■ **TASK TO COMPLETE**:
One exact copy of the listing, minus the images, is the required answer.

■ **MATERIAL PROVIDED**:

┄┄┄┄┄┄┄┄┄┄┄┄┄┄┄┄┄┄┄┄

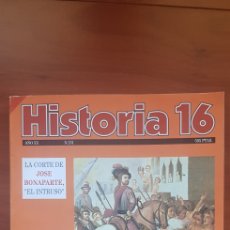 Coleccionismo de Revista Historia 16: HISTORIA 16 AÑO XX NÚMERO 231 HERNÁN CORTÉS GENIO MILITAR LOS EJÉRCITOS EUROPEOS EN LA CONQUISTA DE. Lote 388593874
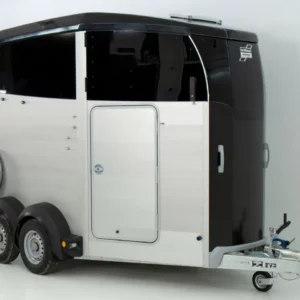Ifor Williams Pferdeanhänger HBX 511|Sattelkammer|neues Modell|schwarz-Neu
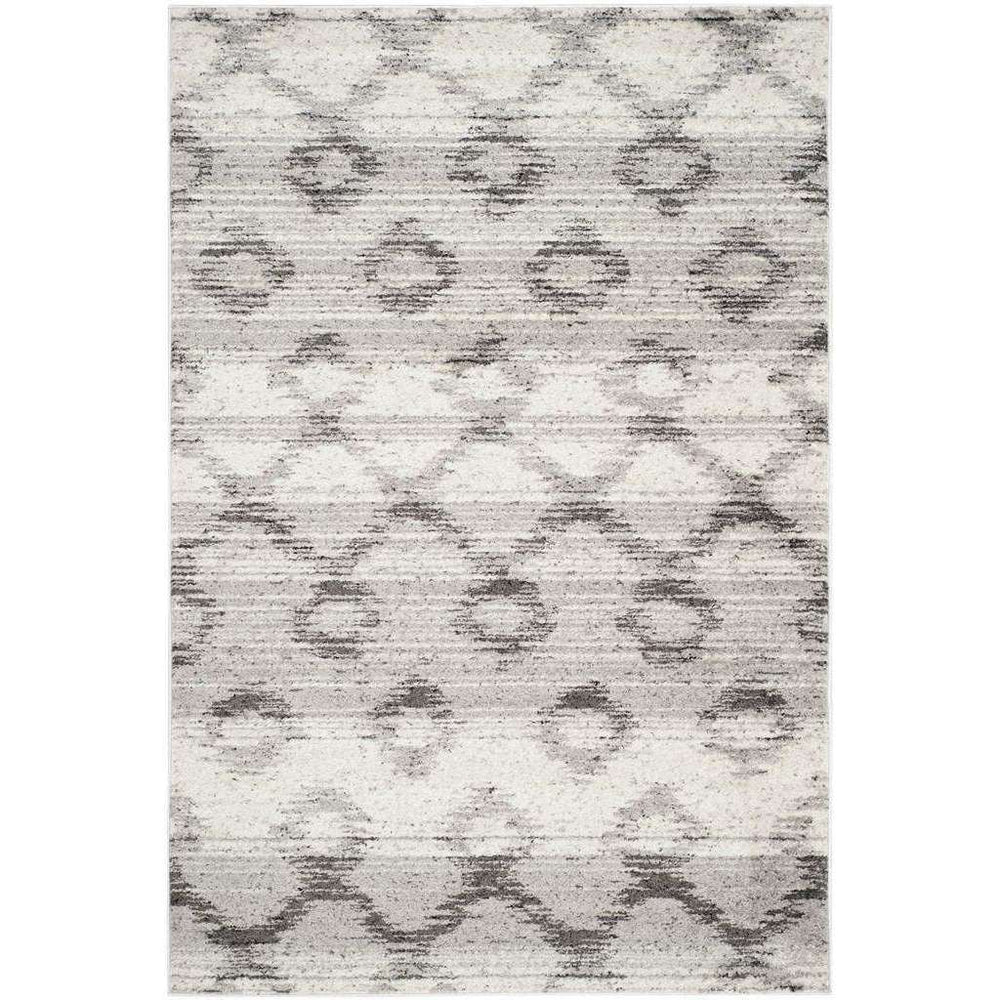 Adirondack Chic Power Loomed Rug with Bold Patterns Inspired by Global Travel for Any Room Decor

┄┄┄┄┄┄┄┄┄┄┄┄┄┄┄┄┄┄┄┄

■ **RESULT BELOW**:
 Coleccionismo de Revista Historia 16: HISTORIA 16 AÑO XX NÚMERO 231 HERNÁN CORTÉS GENIO MILITAR LOS EJÉRCITOS EUROPEOS EN LA CONQUISTA DE. Lote 388593874
Ifor Williams Pferdeanhänger HBX 511|Sattelkammer|neues Modell|schwarz-Neu
 Adirondack Chic Power Loomed Rug with Bold Patterns Inspired by Global Travel for Any Room Decor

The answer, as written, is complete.